## [Task material]
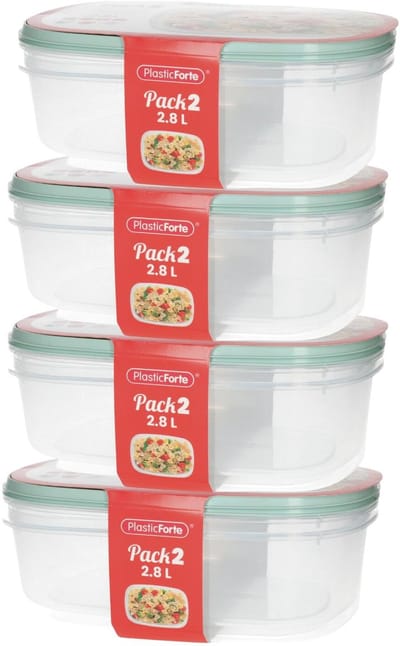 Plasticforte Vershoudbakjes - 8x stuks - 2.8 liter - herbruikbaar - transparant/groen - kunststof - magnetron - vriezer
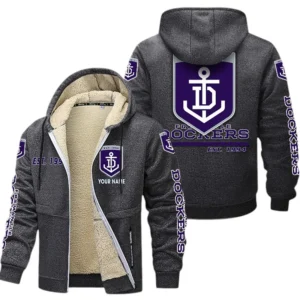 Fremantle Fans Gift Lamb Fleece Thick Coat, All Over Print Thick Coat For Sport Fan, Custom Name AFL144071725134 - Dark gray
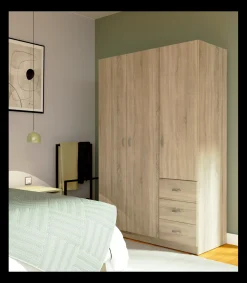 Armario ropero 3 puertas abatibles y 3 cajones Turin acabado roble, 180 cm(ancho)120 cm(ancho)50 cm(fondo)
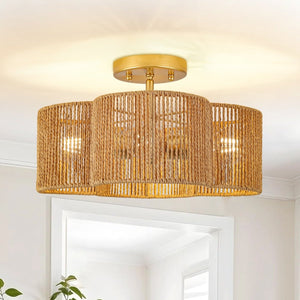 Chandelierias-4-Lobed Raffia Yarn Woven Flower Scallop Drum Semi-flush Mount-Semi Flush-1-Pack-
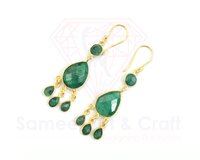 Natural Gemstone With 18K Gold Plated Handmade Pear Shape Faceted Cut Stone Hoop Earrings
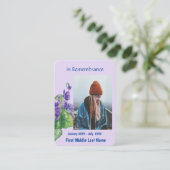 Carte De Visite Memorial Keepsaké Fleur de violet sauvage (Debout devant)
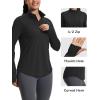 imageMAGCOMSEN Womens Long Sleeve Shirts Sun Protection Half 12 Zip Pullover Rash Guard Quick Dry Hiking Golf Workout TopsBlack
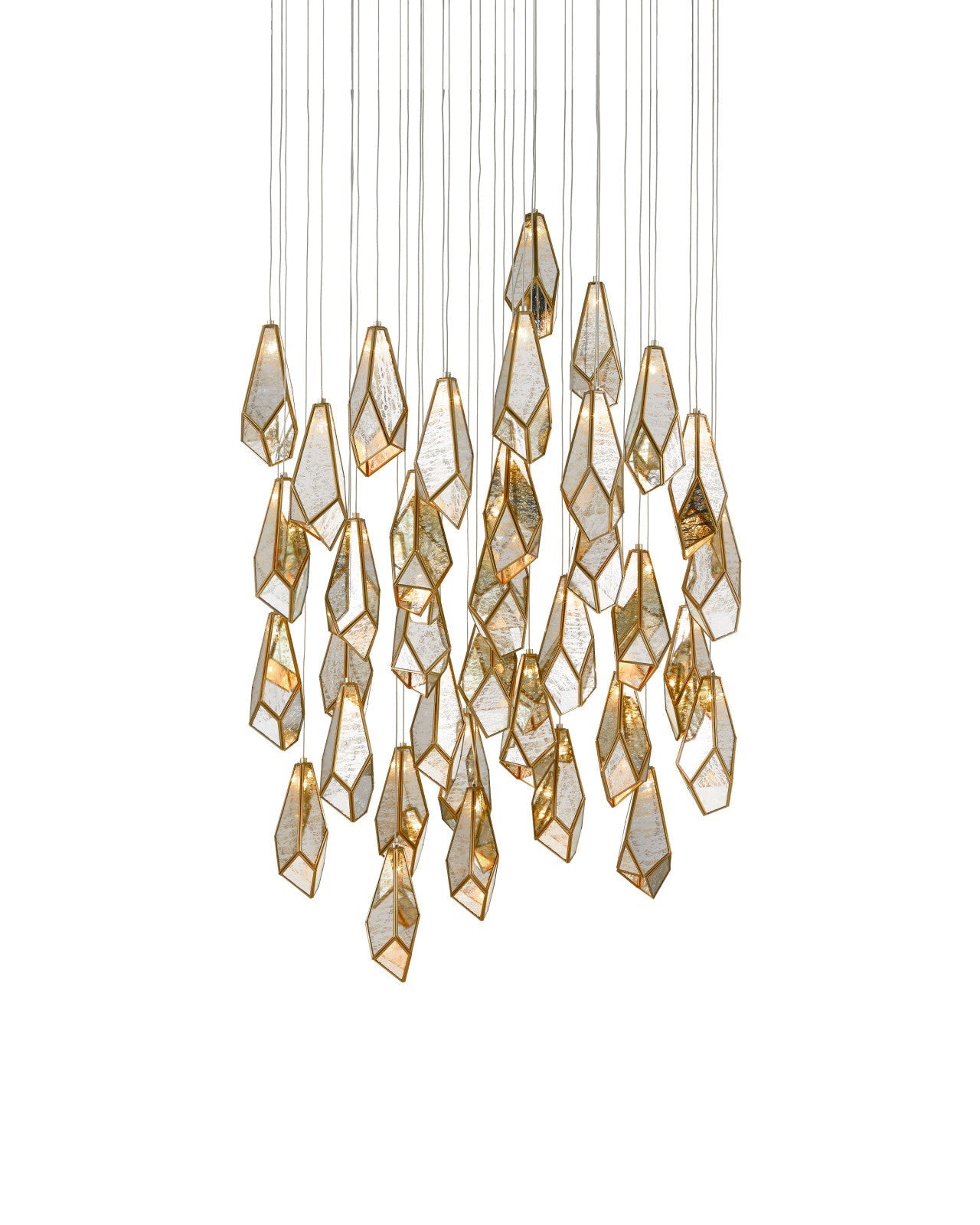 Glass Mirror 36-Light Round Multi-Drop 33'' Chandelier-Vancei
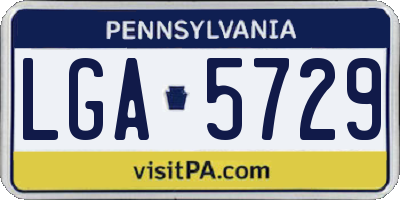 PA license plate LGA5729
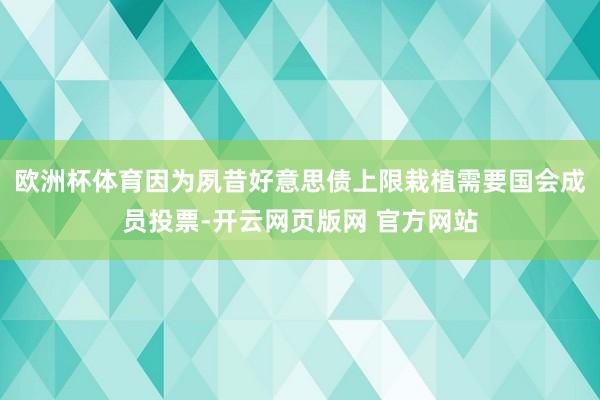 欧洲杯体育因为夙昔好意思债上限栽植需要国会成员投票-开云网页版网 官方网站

## [What to do]
Each line from the one holding "PA license plate LGA5729" down to the end of the records is to be reproduced unaltered, and the pictures are to be omitted.

## [Solution for this problem]
 PA license plate LGA5729
 欧洲杯体育因为夙昔好意思债上限栽植需要国会成员投票-开云网页版网 官方网站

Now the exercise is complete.